What is the standard algorithm for multiplication

The street algorithm

The Strassen algorithm is a recursive algorithm based on the divide-and-conquer principle. This is done in two steps:
  1. The problem is divided into sub-problems of the same size as possible of the same type as the original problem. These sub-problems can be solved independently of one another using the same algorithm.
  2. The solutions to the sub-problems are combined to form a solution to the original problem.
This division is repeated recursively until the sub-problems are trivial and can be solved immediately. The simplest case of matrix multiplication is the multiplication of two 2x2 matrices A, B
Define the auxiliary variables
p1 : = (a11 + a22) * (b11 + b22)
p2 : = (a21 + a22) * b11
p3 : = a11 * (b12 - b22)
p4 : = a22 * (b21 - b11)
p5 : = (a11 + a12) * b22
p6 : = (a21 - a11) * (b11 + b12)
p7 : = (a12 - a22) * (b21 + b22)
then applies to the product
as you can easily confirm by simple recalculation:
c11 = p1 + p4 - p5 + p7
c12 = p3 + p5
c21 = p2 + p4
c22 = p1 + p3 - p2 + p6
This algorithm for matrix multiplication, the Strassen algorithm, requires seven multiplications and 18 additions or subtractions in this case, while the standard algorithm only requires 8 multiplications and 4 additions. In the case of 2x2 matrices, the Strassen algorithm is clearly inferior, but Strassen recognized that the formulas (5.3) and (5.4) remain valid if the aij and bij are matrices themselves. For this general case, the algorithms Am, k, the two matrices of order m2k multiply, defined by induction on k. If n is not an even number, then the last column of C is calculated according to the usual methods and the procedure is applied to the remaining matrices of dimension n-1.

Definition 5.5.2: A.m, 0 be the standard algorithm for matrix multiplication (this requires m3 Multiplications and m2(m-1) additions). Is Am, k already known, then let Am, k + 1 defined as follows:

Let the matrices A and B be of order m2k + 1 are multiplied, then A, B and A.B are divided into blocks

where Ai, j, Bi, j, Ci, j Matrices of the order m2k and computes the auxiliary matrices of order m2k

P.1 : = (A11 + A22) * (B.11 + B22)
P.2 : = (A21 + A22) * B11
P.3 : = A11 * (B.12 - B.22)
P.4 : = A22 * (B.21 + B11)
P.5 : = (A11 + A12) * B22
P.6 : = (A21 - A11) * (B.11 + B12)
P.7 : = (A12 - A22) * (B.21 + B22)

C.11 = P1 + P4 - P5 + P7
C.12 = P3 + P5
C.21 = P2 + P4
C.22 = P1 + P3 - P2 + P6

by using the algorithm A for the multiplicationm, k and uses the usual (element-wise) algorithm for addition and subtraction.
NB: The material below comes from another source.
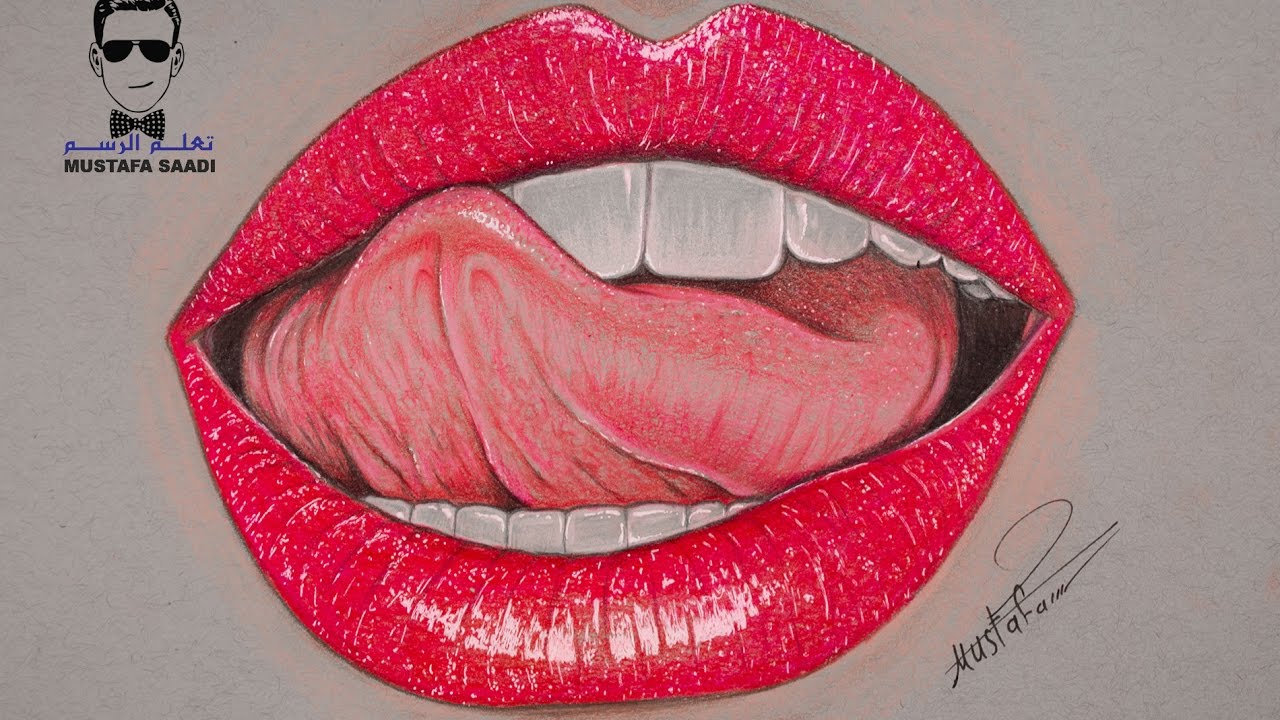 كيفية رسم فم بطريقة سهلة مع التلوين -  How to Draw Mouth & Lips & Tongue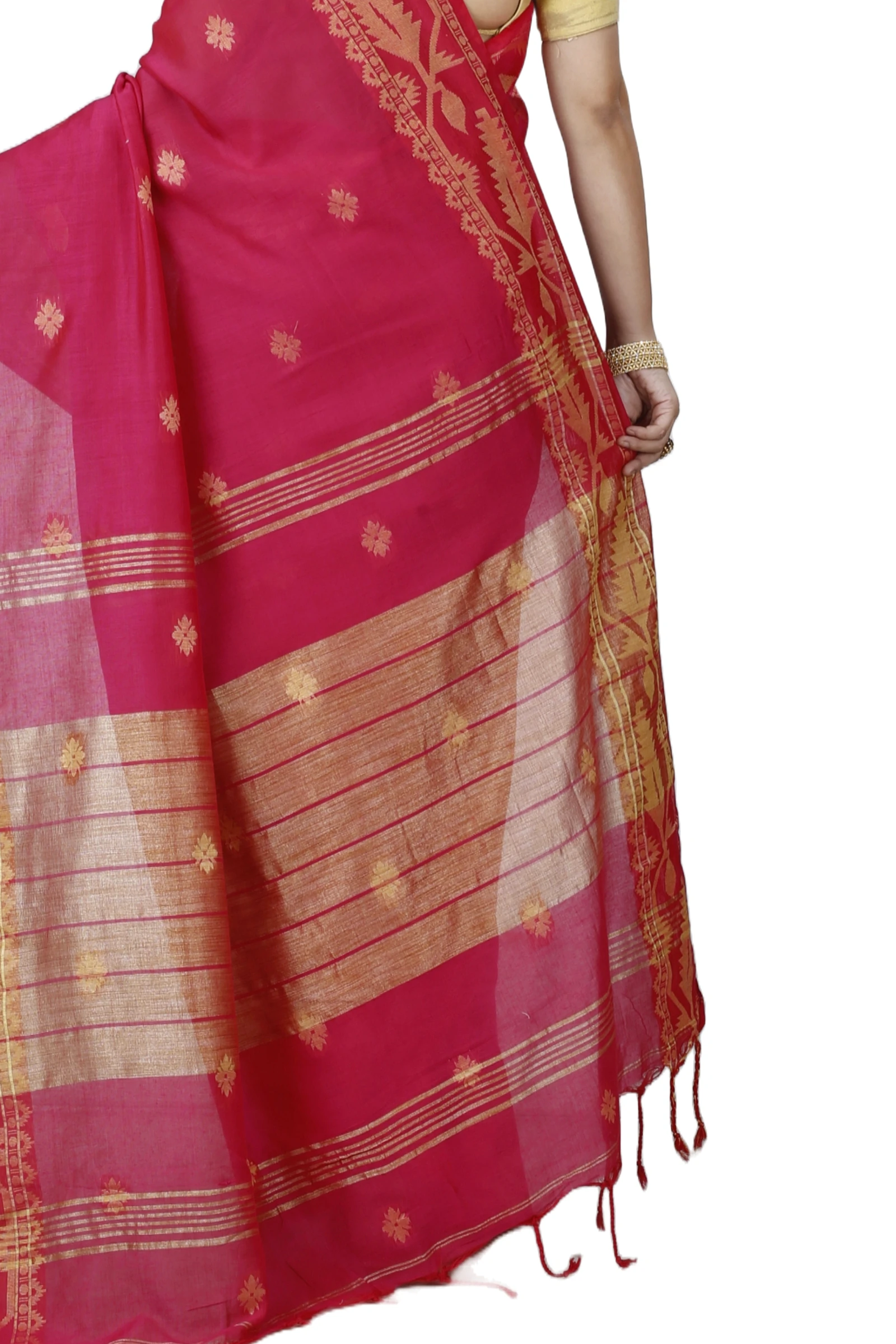 Pink Pure Cotton Tuma Hand Loom Saree (1192)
The matrices P1, P2, ..., P7 can all be calculated at the same time. This also applies to the matrices C.11, ..., C22, although their computational effort compared with that for the auxiliary matrices P1, P2, ..., P7 is relatively small, so that the parallel calculation is often not worthwhile. The Strassen algorithm is definitely well suited for use on parallel computers.

Here is an implementation of the Strassen algorithm in C. It is neither efficient, nor pretty, nor is it guaranteed to be bug free. In addition, it does not release allocated memory again. However, it should demonstrate how and that the algorithm works.
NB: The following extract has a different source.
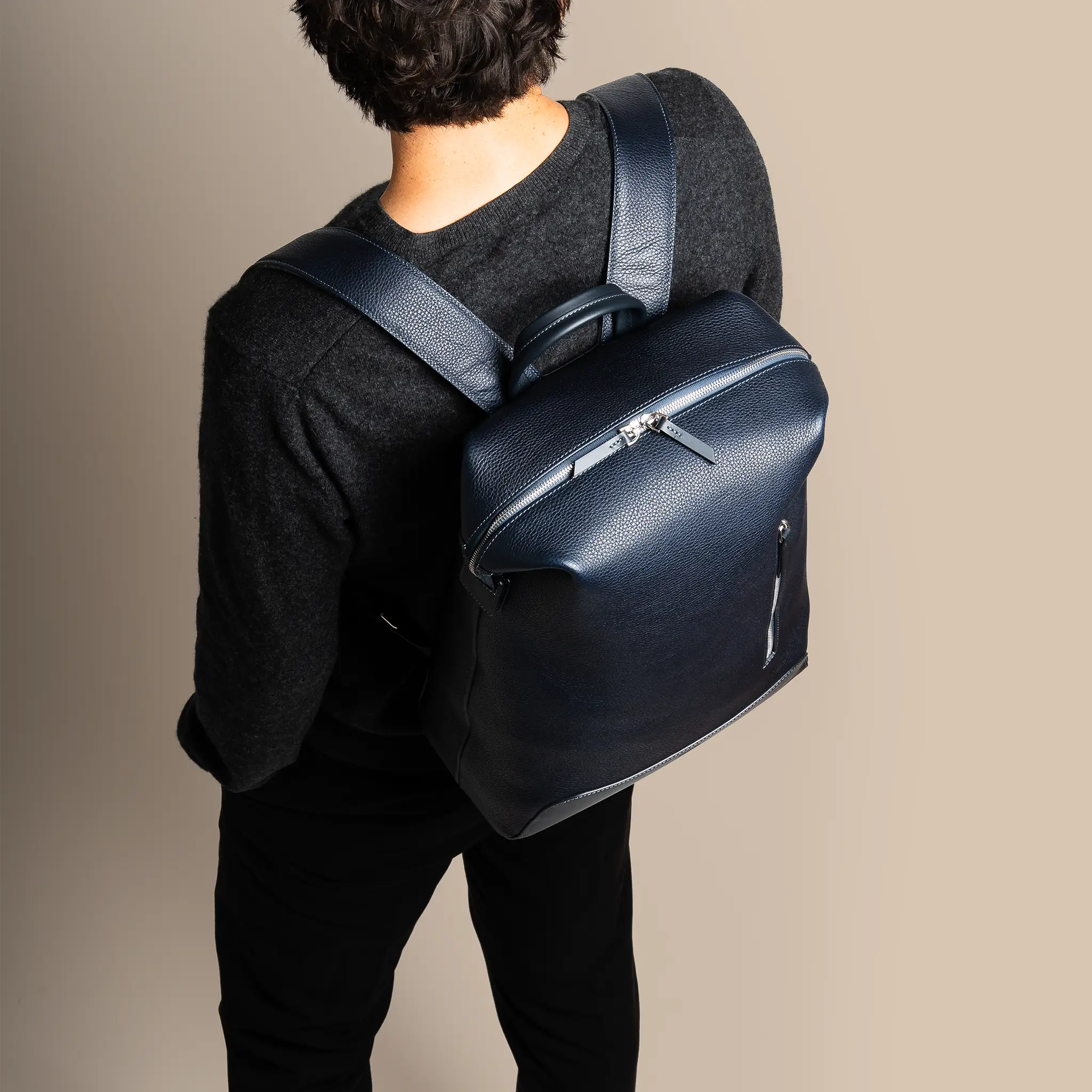 Sac à dos en cuir ~ ROMEO MARINE - Image 9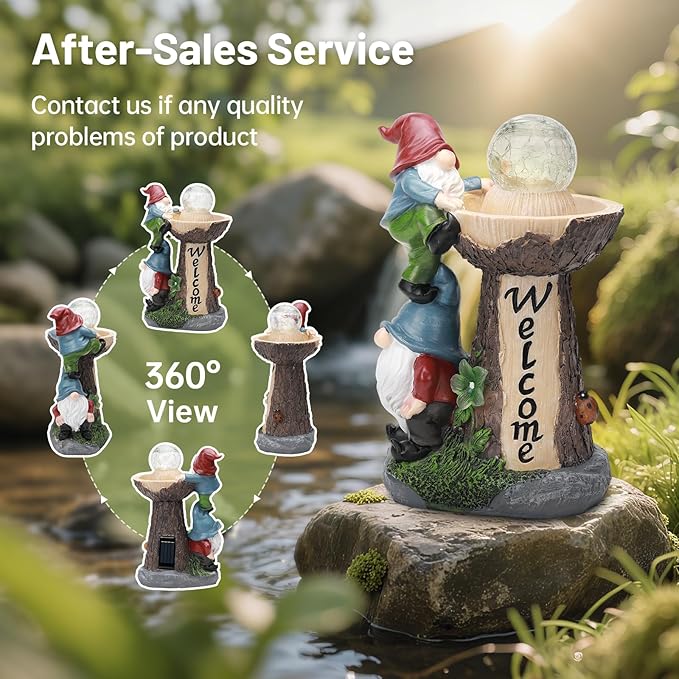 Solar Gnome Statue with Glowing Globe Light,Weatherproof Resin Garden Figurine Decor Auto On/Off - for Patio,Yard & Housewarming (Reminder: IT is NOT A Real Fountain)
Complexity of the street algorithm

The Strassen algorithm enables the calculation of the product of two matrices of order n = 2k with 7k Multiplications and less than 6.7k Additions and subtractions, more precisely:
Kmult(n) = nlog27 Multiplications and
Kadd(n) = 6 (nlog27 - nlog24) Additions / subtractions
This algorithm has an asymptotic complexity O (nlog27), which is significantly lower than that of the standard algorithm. For matrices with general order (not necessarily n = 2k) the following applies:

Theorem 5.5.1: The product of two square matrices of order n can be calculated using the Strassen algorithm with less than 28.nlog27 arithmetic operations are calculated.

Software for the street algorithm

Developing efficient programs from the basic concept of the Strassen algorithm is not an easy task. The Strassen algorithm was therefore only considered a theoretically interesting example for reducing complexity in matrix multiplication for a long time. However, there have recently been very efficient implementations for single-processor computers and parallel computers by C. C. Douglas, M. Heroux, G. Slishman and R. M. Smith. Implementations of the Strassen algorithm have also already been included in the software libraries of computer manufacturers (e.g. and in the ESSL library).

The "limit dimension" nmin, from which a Strassen implementation requires less computing time than the corresponding BLAS-3 program or, on most computers, lies between 32 and 256. With larger matrices, there is a significant reduction in the required floating point operations and a corresponding reduction in computing time.